Also, add the release command in the project root's package configuration:

/** package.json **/

{
  "name": "vue",
  "version": "3.6.0",
  "scripts": {
    "preinstall": "npx only-allow pnpm",
    "dev": "node scripts/dev.js",       
    "build": "node scripts/build.js",
    "release": "node scripts/release.js",   // Release package
    // ...
  },
  // ...
}

We will gradually improve the logic of each method in release.js.

7.1 Update Version Numbers

Each Monorepo package's package configuration file has its own version number. If you have to manually modify it before each release, it would be a tedious and error-prone task.

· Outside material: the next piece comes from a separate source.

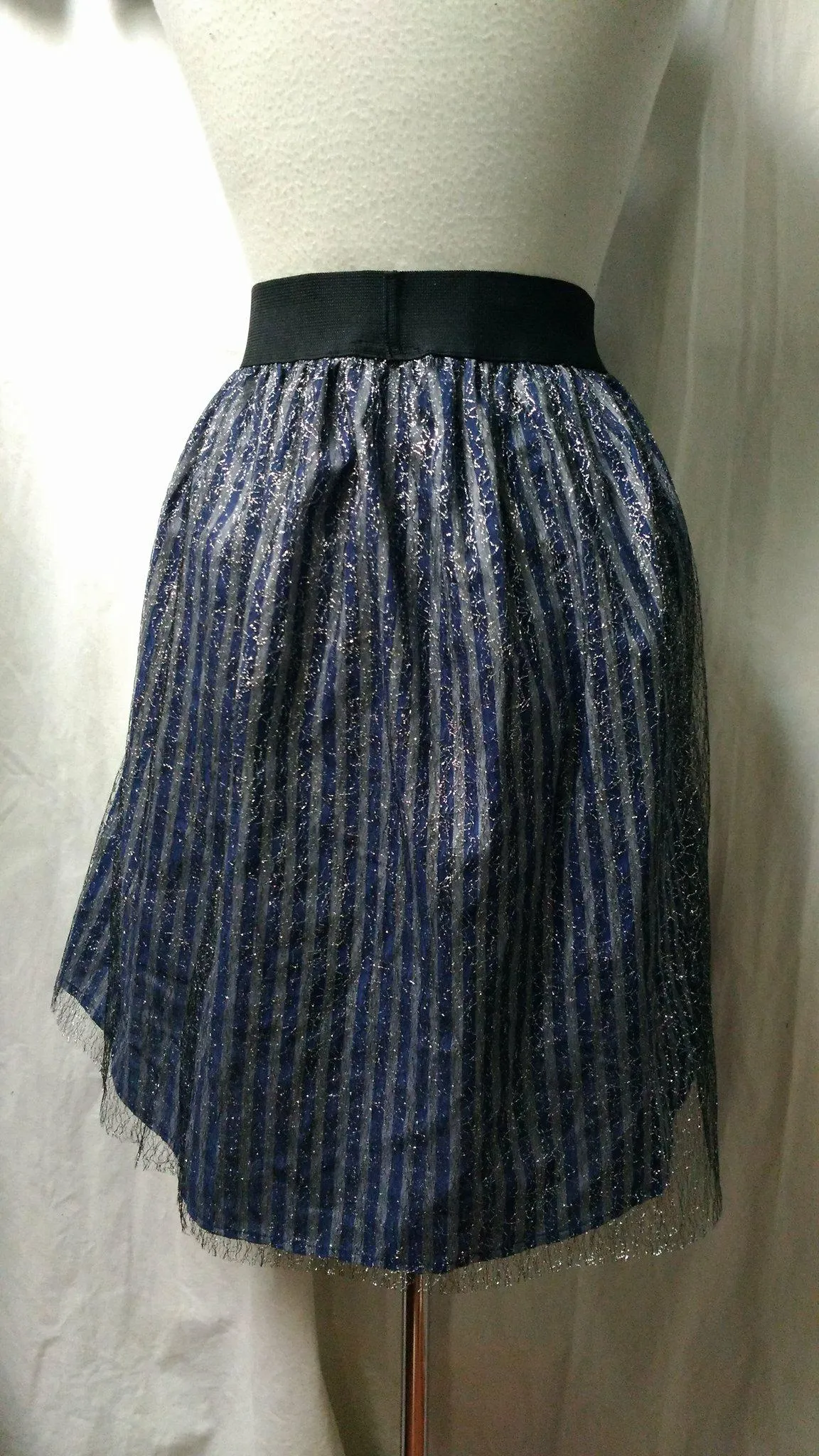 Dahlia Skirt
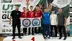 Bursa Yıldırım'da U17 Yıldızlar Güreş Şampiyonası'nda İkinci Oldular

We can read the version field in the project root's package.json, then uniformly traverse and modify the package configuration files of all packages under the packages folder:

/** scripts/release.js **/

// ...

const currentVersion = createRequire(import.meta.url)('../package.json').version  // Current version number (the version field in the project root package configuration)
const getPkgRoot = (pkg) => path.resolve(__dirname, '../packages/' + pkg)  // Get the absolute path of the specified package

// Names of all packages under the packages folder
const packages = fs
  .readdirSync(path.resolve(__dirname, '../packages'))
  .filter(p => {
    const pkgRoot = path.resolve(__dirname, '../packages', p)
    const pkgPath = path.resolve(pkgRoot, 'package.json')
    if (!fs.statSync(pkgRoot).isDirectory() || !fs.existsSync(pkgPath)) {
      return false // Filter out empty packages
    }
    return true
  })

/**
 * Update the version in each package's package.json
 * @param {string} version
 */
function updateVersions(version = currentVersion) {
  // Traverse and modify the package configuration files of all packages under the packages folder
  packages.forEach(p => updatePackage(getPkgRoot(p), version))
}

/**
 * @param {string} pkgRoot
 * @param {string} version
 */
function updatePackage(pkgRoot, version) {
  const pkgPath = path.resolve(pkgRoot, 'package.json')
  const pkg = JSON.parse(fs.readFileSync(pkgPath, 'utf-8'))
  pkg.version = version
  fs.writeFileSync(pkgPath, JSON.stringify(pkg, null, 2) + '\n')
}

// ...

💡 The value of the version field in the project root package.json is "3.6.0-beta.17", which will not be elaborated on later.

Although this form eliminates the need to manually modify the package configuration version numbers of each package, the version number of the project root package configuration still needs to be manually modified first. If this step is missed, it will still lead to version number errors.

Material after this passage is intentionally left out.